[DIRECTIONS FOR THIS TASK] Copy the listing exactly, leaving out every picture.

[DATASET CONTENT]

━━━━

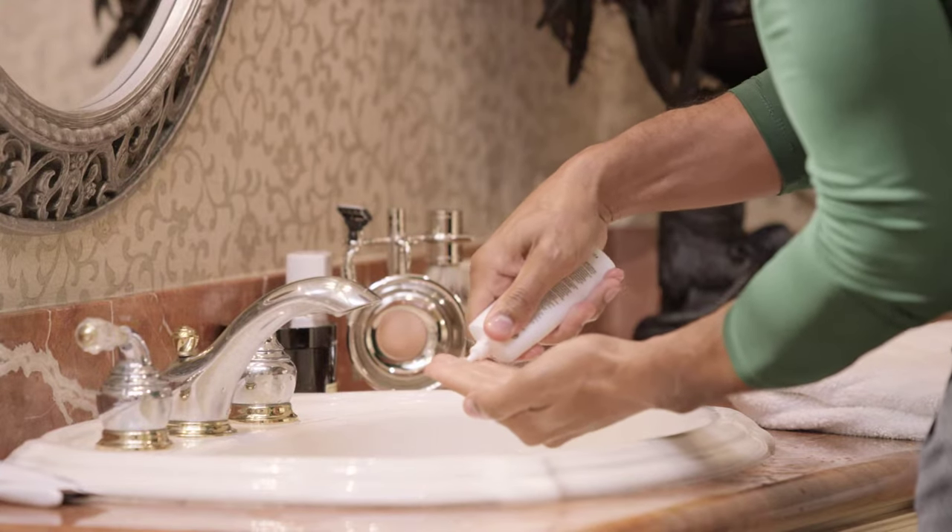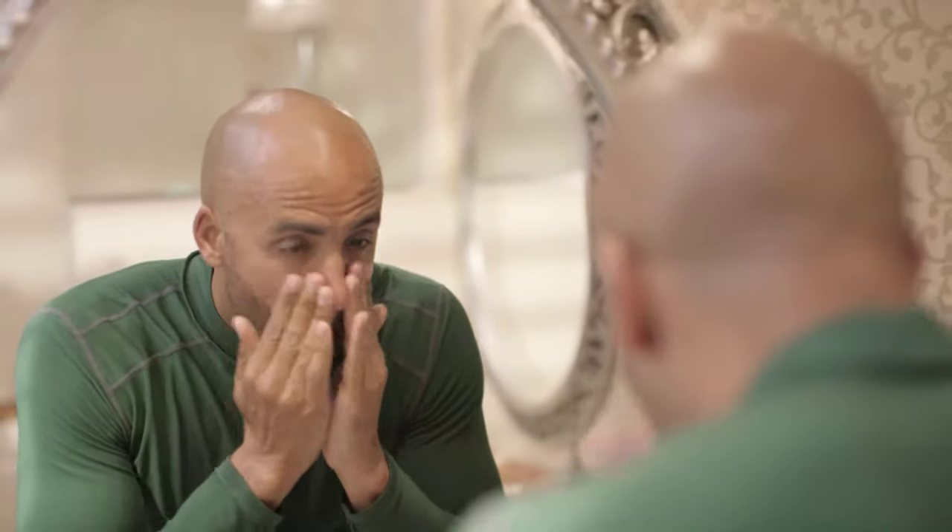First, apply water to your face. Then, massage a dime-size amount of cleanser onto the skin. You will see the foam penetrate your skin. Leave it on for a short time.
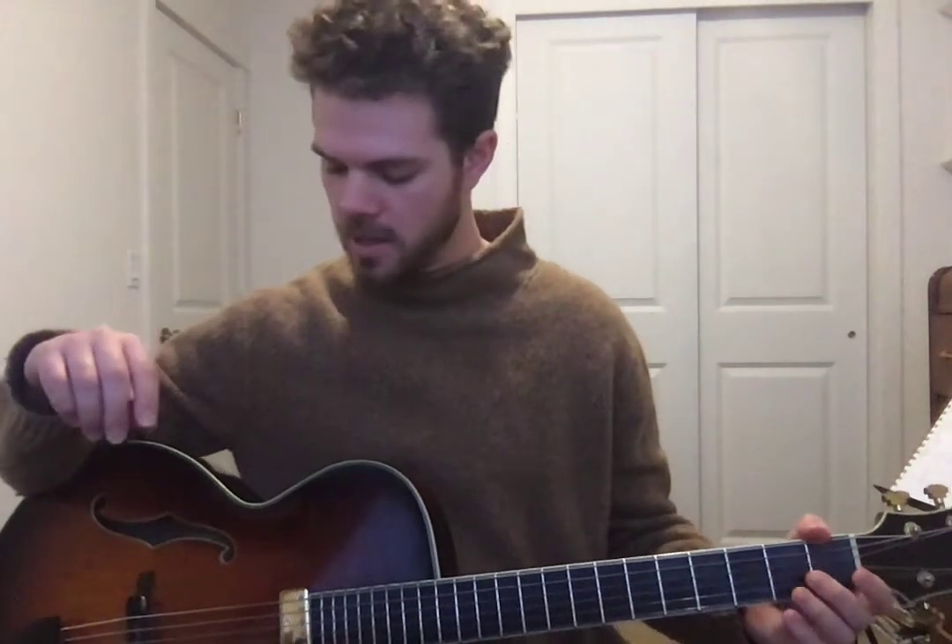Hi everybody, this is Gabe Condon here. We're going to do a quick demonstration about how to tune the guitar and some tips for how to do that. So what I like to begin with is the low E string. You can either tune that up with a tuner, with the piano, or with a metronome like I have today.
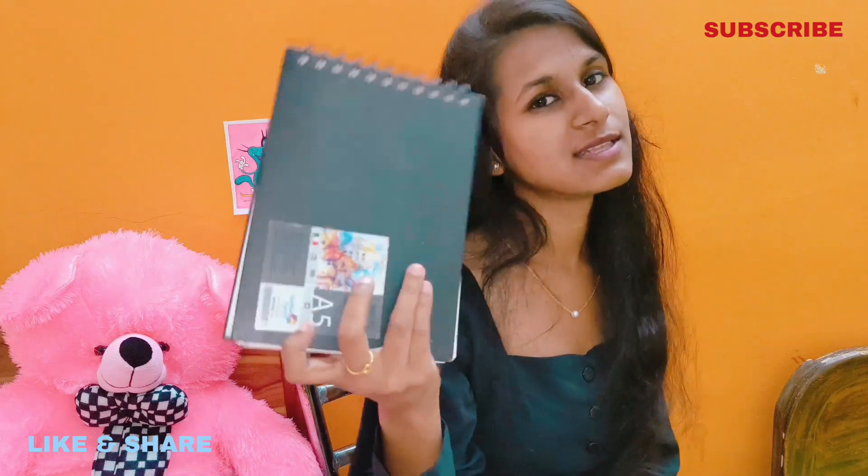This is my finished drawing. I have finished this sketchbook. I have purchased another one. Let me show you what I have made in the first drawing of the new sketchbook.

━━━━

[EXERCISE RESULT]
First, apply water to your face. Then, massage a dime-size amount of cleanser onto the skin. You will see the foam penetrate your skin. Leave it on for a short time.
Hi everybody, this is Gabe Condon here. We're going to do a quick demonstration about how to tune the guitar and some tips for how to do that. So what I like to begin with is the low E string. You can either tune that up with a tuner, with the piano, or with a metronome like I have today.
This is my finished drawing. I have finished this sketchbook. I have purchased another one. Let me show you what I have made in the first drawing of the new sketchbook.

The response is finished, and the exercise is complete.